- Location: Haliburton County, Ontario
- Coordinates: 45°08′37″N 78°11′52″W﻿ / ﻿45.1436°N 78.1978°W
- Type: lake
- Part of: Ottawa River drainage basin
- Primary inflows: Allen Creek
- Primary outflows: Allen Creek
- Basin countries: Canada
- Max. length: 3.7 kilometres (2.3 mi)
- Max. width: 1.3 kilometres (0.81 mi)
- Surface area: 252.32 hectares (623.5 acres)
- Surface elevation: 392 metres (1,286 ft)

= Fishtail Lake (Ontario) =

Fishtail Lake (lac Fishtail) is a lake in the municipality of Dysart et al, Haliburton County in Central Ontario, Canada. It is on Allen Creek and is in the Ottawa River drainage basin.

==Geography==
Fishtail Lake has an area of 252.32 ha and lies at an elevation of 392 m. It is 3.7 km long and 1.3 km wide. From the air the lake looks like a fish, with its head facing west and its upraised tail facing northeast. The nearest named community is Kennaway, 1.5 km to the east.

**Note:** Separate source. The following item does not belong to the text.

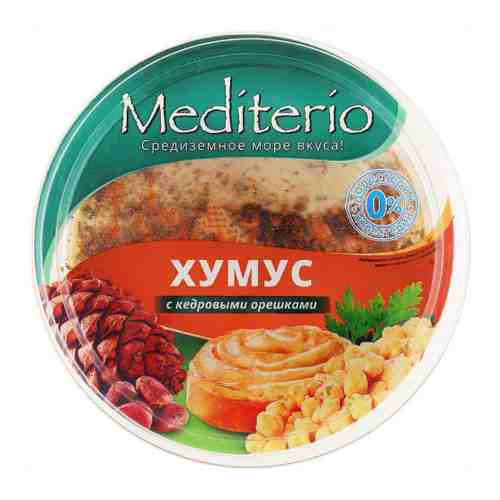Хумус Mediterio с кедровыми орешками 180 г арт. 3461605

The primary inflow is Allen Creek, arriving at the west from the direction of Allen Lake. There are five unnamed secondary inflows: one at the south; two at the northeast, including one arriving from Luke Lake; one at the north; and one at the northwest. The primary outflow, at the northeast end of the lake, is also Allen Creek, which flows via Benoir Lake, the York River and the Madawaska River to the Ottawa River.